Assignment: Starting with the opening line of the entries below, transcribe each line exactly up to and including the one that has "I Hope You Like"; pictures are not copied.

(Short descriptive text snippets)
*****
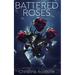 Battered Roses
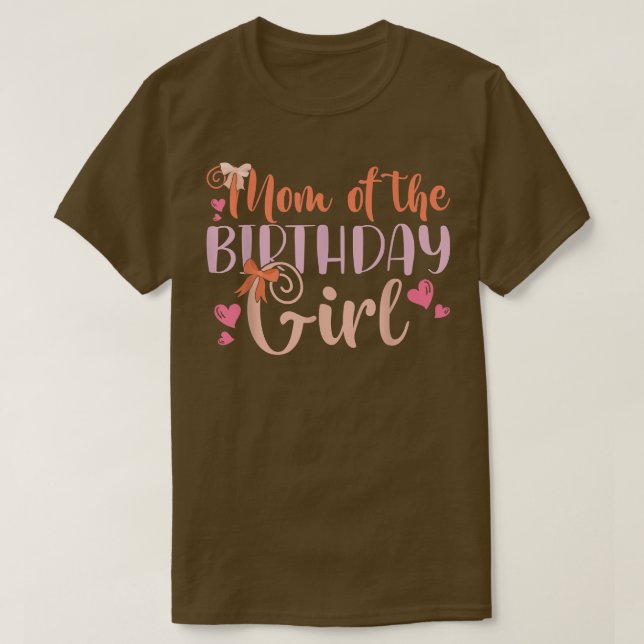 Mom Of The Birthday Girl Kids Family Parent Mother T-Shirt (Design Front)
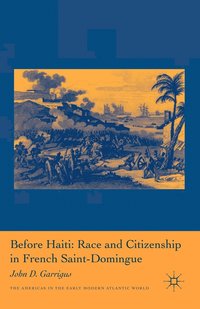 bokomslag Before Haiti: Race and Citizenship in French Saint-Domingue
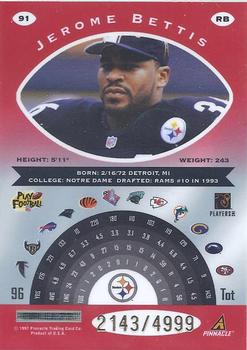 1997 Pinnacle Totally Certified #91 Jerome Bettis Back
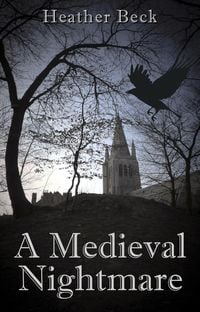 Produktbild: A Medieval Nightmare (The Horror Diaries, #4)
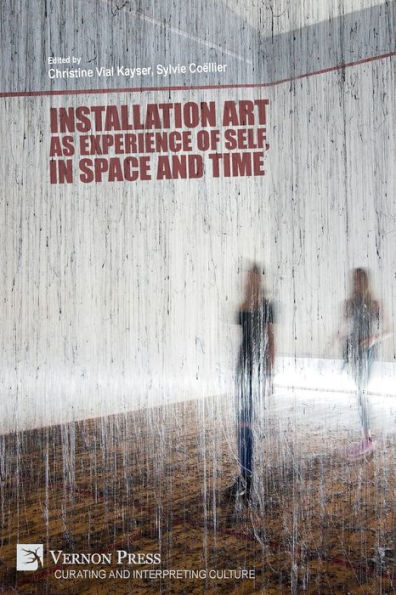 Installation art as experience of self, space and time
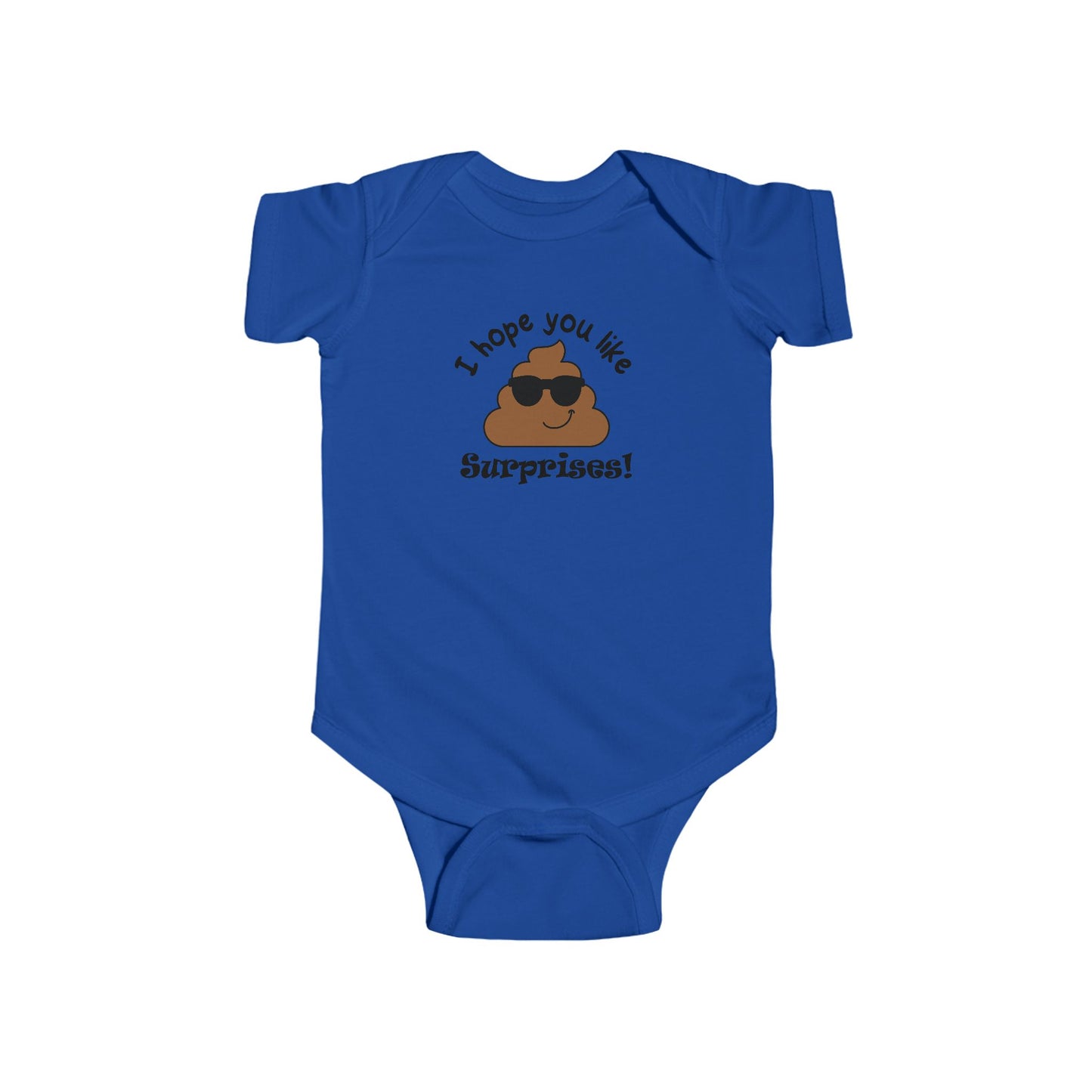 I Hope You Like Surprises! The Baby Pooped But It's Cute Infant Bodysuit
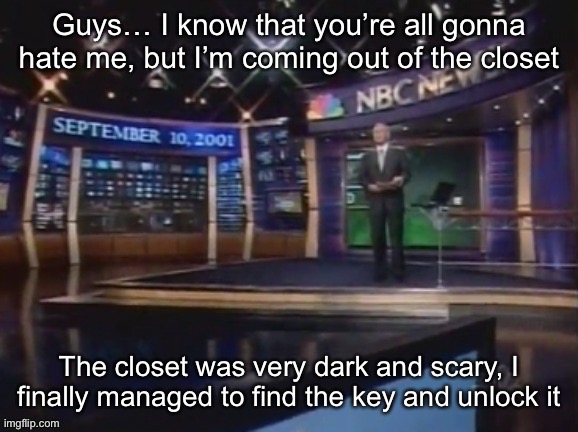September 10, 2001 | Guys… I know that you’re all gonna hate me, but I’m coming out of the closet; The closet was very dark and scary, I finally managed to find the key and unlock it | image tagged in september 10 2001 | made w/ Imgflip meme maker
*****
Expected answer:
 Battered Roses
 Mom Of The Birthday Girl Kids Family Parent Mother T-Shirt (Design Front)
 bokomslag Before Haiti: Race and Citizenship in French Saint-Domingue
 1997 Pinnacle Totally Certified #91 Jerome Bettis Back
 Produktbild: A Medieval Nightmare (The Horror Diaries, #4)
 Installation art as experience of self, space and time
 I Hope You Like Surprises! The Baby Pooped But It's Cute Infant Bodysuit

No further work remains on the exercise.